Bacon Egg and Cheese "Drunken" Mac Muffins
Sometimes recipes just come together in a magical way. The flavors, textures, and total sensory experience is just...perfect.
When this happens, you forget all of the flops, the failures, the missteps and mistakes and just savor the moment.
In this case, the impetus was a craving. I wanted something good. Something damn good, and I figured if you want something done right, you just have to do it yourself.
I opened a can of Dale's Pale Ale, a snappy, hop-laden brew from Oskar Blues, and after a few sips, I meandered over to the kitchen to survey my supplies.

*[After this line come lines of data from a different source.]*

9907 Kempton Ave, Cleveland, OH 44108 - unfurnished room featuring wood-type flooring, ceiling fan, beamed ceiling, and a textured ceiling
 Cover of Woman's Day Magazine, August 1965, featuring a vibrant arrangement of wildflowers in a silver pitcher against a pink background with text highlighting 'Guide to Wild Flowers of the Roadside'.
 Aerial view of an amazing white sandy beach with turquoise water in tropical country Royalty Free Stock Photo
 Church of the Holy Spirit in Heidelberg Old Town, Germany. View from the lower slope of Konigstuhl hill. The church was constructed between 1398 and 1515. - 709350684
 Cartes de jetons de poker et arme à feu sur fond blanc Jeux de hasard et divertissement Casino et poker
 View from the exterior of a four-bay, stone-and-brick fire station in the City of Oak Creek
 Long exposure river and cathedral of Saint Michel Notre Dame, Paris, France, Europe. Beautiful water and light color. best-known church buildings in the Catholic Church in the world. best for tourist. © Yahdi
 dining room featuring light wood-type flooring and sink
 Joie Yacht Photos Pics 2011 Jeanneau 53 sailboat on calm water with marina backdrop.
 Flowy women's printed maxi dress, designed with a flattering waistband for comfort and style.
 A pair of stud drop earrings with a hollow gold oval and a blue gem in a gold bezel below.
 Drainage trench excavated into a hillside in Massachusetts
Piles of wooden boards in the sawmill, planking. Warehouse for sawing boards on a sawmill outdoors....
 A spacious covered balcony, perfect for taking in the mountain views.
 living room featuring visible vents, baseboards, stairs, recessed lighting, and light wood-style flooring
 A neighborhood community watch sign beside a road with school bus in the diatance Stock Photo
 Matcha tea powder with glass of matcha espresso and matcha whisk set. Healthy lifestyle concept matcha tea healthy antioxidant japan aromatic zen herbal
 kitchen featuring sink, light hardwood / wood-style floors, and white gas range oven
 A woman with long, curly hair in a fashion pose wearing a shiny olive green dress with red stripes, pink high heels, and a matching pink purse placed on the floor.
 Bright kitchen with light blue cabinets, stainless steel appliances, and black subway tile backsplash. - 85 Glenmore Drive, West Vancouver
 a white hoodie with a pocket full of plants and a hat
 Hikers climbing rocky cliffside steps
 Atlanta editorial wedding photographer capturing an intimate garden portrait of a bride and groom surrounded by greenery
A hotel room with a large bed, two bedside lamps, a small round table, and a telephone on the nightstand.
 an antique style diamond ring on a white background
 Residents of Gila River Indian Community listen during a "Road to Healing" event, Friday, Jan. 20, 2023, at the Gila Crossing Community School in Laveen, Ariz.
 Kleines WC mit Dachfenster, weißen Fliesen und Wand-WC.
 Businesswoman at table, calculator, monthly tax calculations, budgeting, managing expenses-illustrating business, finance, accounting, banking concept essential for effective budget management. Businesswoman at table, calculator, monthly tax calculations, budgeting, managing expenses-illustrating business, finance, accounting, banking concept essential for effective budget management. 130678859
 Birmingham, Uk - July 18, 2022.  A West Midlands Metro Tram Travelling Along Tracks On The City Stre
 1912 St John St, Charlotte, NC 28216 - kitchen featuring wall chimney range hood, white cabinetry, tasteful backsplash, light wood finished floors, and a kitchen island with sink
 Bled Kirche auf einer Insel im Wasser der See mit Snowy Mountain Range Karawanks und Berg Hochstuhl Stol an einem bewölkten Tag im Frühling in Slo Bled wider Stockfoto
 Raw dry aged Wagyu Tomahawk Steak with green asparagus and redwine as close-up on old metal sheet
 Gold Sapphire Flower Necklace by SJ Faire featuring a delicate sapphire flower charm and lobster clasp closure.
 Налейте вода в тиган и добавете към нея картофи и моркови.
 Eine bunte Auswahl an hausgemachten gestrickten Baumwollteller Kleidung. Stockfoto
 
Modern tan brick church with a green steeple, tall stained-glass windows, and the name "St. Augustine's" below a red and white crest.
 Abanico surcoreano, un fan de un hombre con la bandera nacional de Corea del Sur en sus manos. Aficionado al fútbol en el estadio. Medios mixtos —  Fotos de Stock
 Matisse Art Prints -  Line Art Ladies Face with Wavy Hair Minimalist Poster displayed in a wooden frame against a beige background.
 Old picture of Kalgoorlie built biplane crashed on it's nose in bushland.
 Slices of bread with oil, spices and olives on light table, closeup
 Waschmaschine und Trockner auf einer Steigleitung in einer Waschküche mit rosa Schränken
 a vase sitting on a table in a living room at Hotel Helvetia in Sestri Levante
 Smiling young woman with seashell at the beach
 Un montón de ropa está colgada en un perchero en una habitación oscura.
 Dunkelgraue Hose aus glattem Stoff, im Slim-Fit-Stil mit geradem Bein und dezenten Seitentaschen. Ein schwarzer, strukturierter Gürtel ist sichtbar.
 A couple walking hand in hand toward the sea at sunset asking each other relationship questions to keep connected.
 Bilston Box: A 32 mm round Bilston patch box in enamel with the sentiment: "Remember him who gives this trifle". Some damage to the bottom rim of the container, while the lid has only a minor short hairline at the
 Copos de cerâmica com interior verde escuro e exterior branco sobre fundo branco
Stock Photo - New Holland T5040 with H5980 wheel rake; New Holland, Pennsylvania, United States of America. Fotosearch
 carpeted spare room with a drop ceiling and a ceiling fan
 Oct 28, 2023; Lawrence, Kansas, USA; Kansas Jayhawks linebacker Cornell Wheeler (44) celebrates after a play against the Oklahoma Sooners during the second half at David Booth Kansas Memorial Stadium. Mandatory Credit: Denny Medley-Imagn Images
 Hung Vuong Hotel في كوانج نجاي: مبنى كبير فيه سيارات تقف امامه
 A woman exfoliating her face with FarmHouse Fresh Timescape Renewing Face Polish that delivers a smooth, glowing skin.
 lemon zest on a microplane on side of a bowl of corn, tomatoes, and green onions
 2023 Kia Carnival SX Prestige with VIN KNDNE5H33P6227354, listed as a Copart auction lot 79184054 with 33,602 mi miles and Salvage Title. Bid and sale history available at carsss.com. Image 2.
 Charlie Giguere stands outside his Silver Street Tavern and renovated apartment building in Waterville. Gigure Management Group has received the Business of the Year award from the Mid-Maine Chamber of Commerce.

The fridge was nearly bare save for some nice thick-cut bacon, Kerrygold butter, eggs, and a block of Monterrey Jack cheese. There was an obvious course of action (throw it all in a frying pan) and then there was the subtle path. The two roads diverged and I took the one less traveled by, and that made all the difference.
In the cupboard I found a nearly empty bag of Bob's Redmill coconut flour and another bag of potato starch. A little further back, there was a shaker of sea salt and a rosemary and garlic herb blend.
A few sips later and a plan started to form. I was going to make muffins. Not your ordinary muffins, but the mac daddy of all muffins, in short, a Mac Muffin.
I pulled out a muffin tin (obviously) and set to work...
Mac Muffin Ingredients:
4 eggs (whipped up real good)
3/4 stick of melted butter (plus a little extra to grease the muffin tin, unless you're using these)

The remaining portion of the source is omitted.